Craig Lowndes' Team Vodafone is considering the extraordinary step of not calling its cars Fords in next year's V8 Supercar series despite them being predominantly Falcons.
As the fallout from Ford stripping its sponsorship from the championship-chasing outfit continues, Team Vodafone is believed to be working on ways it can cut Ford out of the naming rights equation entirely.
Team boss Roland Dane has already been in talks with Holden and Toyota with a view to one of them backing his team from 2010.
But while Team Vodafone is certain to run Falcons next year - locked in by Lowndes' contract with Ford and the fact they have already two nearly complete race cars built for 2009 - they will try not to refer to them as Fords.
"Our FG (Falcon) race cars are further along than anyone else's for next year. But at the end of the days it's a chassis, it's a set of body panels. We've done all the engineering underneath," Dane said.
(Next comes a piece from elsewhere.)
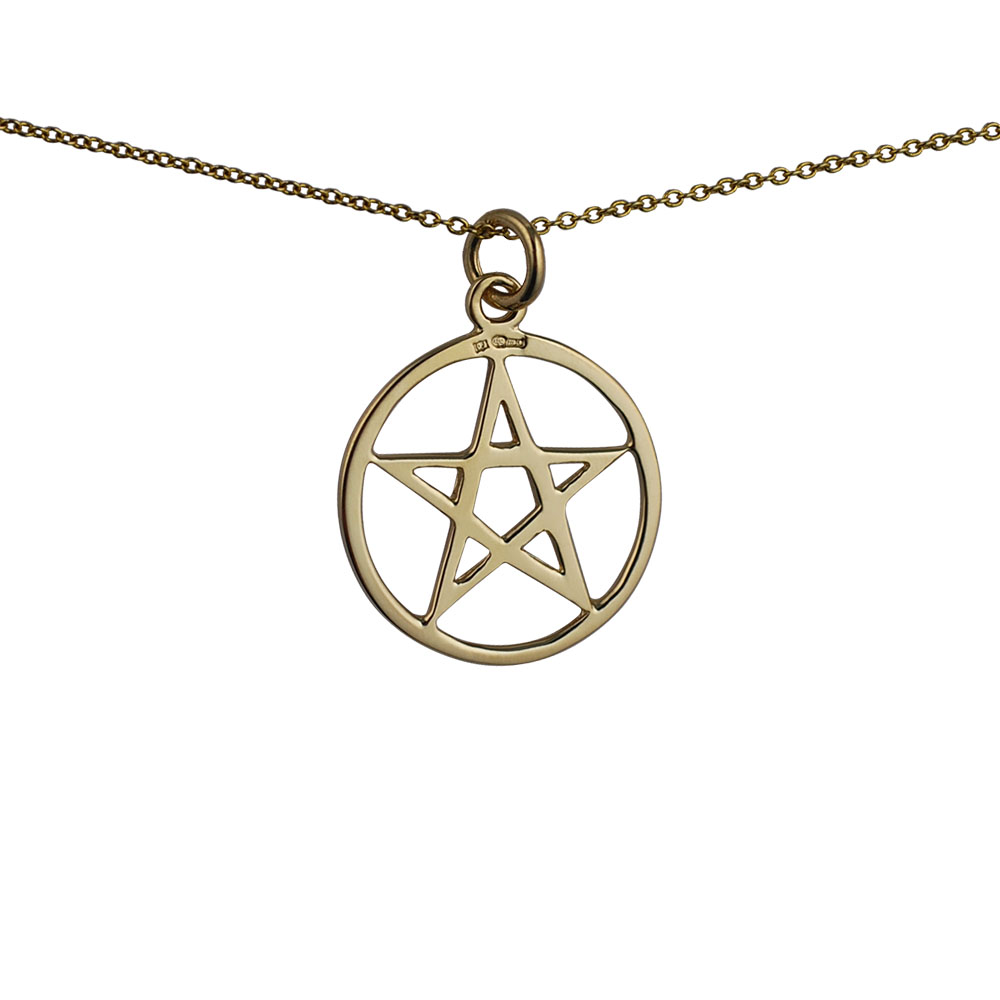 9ct Gold 23mm plain Pentangle in a circle Pendant with a 1.1mm wide cable Chain - Image 2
After Ford's cost-cutting this week which resulted in his team losing sponsorship from the carmaker from next year, Dane has been busy this weekend exploring options elsewhere.
Dane spoke at length with Holden motorsport manager Simon McNamara.
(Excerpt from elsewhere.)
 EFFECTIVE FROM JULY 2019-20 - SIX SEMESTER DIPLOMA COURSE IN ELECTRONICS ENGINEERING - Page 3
He has also admitted to regular talks with Toyota as to whether it would enter the sport as a third manufacturer.
That possibility is growing by the day.
Adding a cashed-up newcomer is gathering support along the grid and higher up the motorsport food chain as Holden and Ford reel from the world economic slowdown, skyrocketing fuel prices and the effect on big car sales.
Even though Toyota builds front-wheel-drive cars as opposed to the rear-wheel-drive Commodores and Falcons, the current V8 Supercar operation manual allows any Australian-made five-litre car, of which at least 25,000 are manufactured, to compete.